# Nintendo Treehouse: Live @ E3 - Starting 11:35AM PDT on June 10th



## Justin (May 28, 2014)

​
Discuss the Nintendo Treehouse: Live @ E3 throughout the week starting on June 10th at 11:35AM PDT.

Tuesday, June 10: 11:35 AM PT – 4:00 PM PT
Wednesday, June 11: 9:15 AM PT – 6:00 PM PT
Thursday, June 12: 9:30 AM PT – 5:00 PM PT




			
				Nintendo said:
			
		

> Nintendo Treehouse: Live @ E3 is a new way to bring Nintendo fans closer to E3 than ever before. During all hours of E3 – which runs from June 10 to June 12 – members of the Treehouse, Nintendo of America’s Product Development division, will be live-streaming a wide variety of game demos directly from the show floor.
> 
> Fans will be getting an unprecedented look at all the E3 games Nintendo has to offer. Instead of reading a short tweet or catching a gameplay trailer, fans can watch live as members of the Treehouse give in-depth gameplay demos of new and previously unannounced titles. There will also be special guest appearances from developers who will provide in-depth game commentary, including an appearance by Shigeru Miyamoto on the afternoon of Tuesday, June 10th.

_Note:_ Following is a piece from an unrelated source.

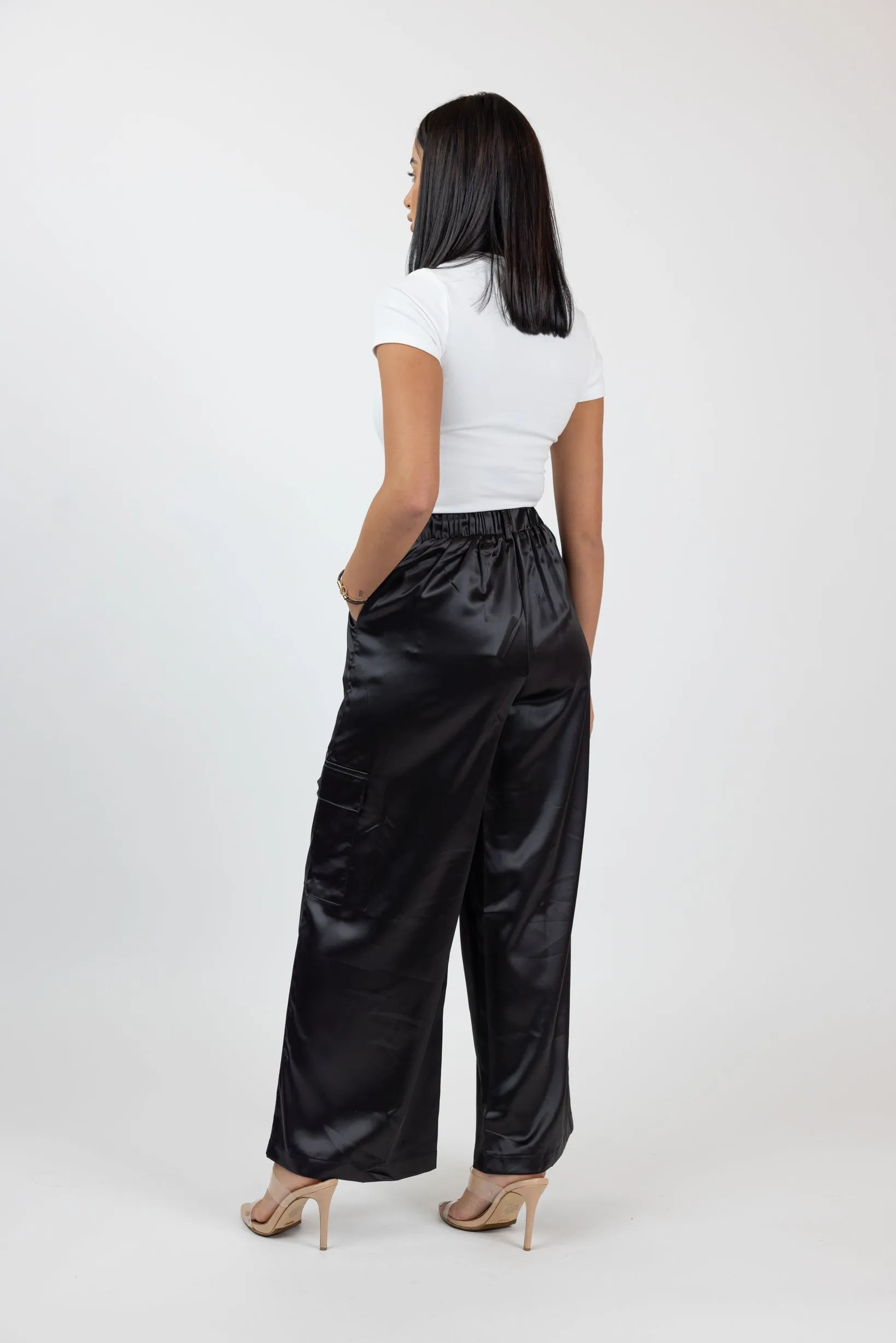 Satin Cargo Pants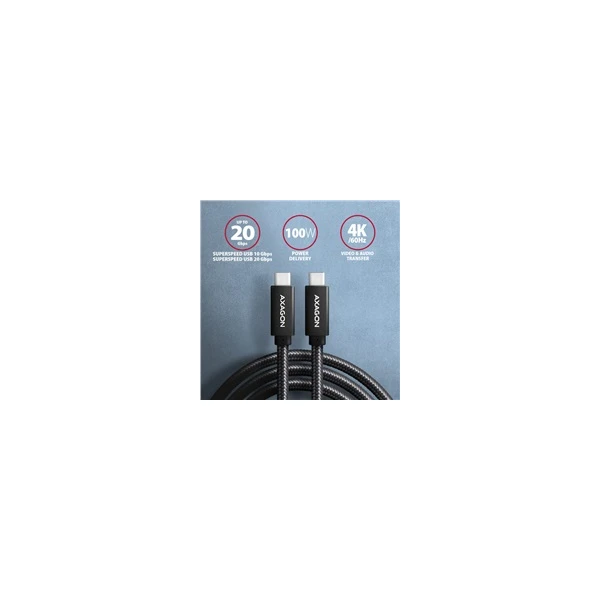 AXAGON USB-C/USB-C napájecí kabel 4K 100W 1m černý - Kabely a redukce - Obrázek DZ50700301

Watch here: http://e3.nintendo.com/#2014/treehouse


----------



## chillv (May 28, 2014)

WE WANT YARN YOSHI! WE WANT YARN YOSHI! WE WANT YARN YOSHI!

Anyway, I don't care what Nintendo brings out as long as it's something on Wii U. I am willing to buy anything on Wii U to be honest, I can careless about 3DS at this point. I want to see more about Wii U, as it is becoming my dream console and I can't wait to see what's next.


----------



## Politoed (May 28, 2014)

i somewhat agree with chillv! i really need some new wii u games. i'm extremely pumped for hyrule warriors and smash bros 4. but i'm even more pumped to find out if there is going to be any new game series that could be released..


----------



## n64king (May 28, 2014)

I'm confident a lot of WiiU games are coming this E3. I'm just worried if it'll be another 2013, where we get to see a bunch of neat stuff that takes 57 years to come out. We've still not even gotten all last year's things yet. _E3 2014 Yarn Yoshi release date Q2/2016 _


----------



## Zulehan (May 29, 2014)

I would love to see a new Animal Crossing for the Wii U and a Majora's Mask remake either for the Wii U or 3DS.


----------



## Waluigi (May 29, 2014)

hype train game

save reggie from crashing into things


----------



## Trent the Paladin (May 29, 2014)

Zulehan said:


> I would love to see a new Animal Crossing for the Wii U and a Majora's Mask remake either for the Wii U or 3DS.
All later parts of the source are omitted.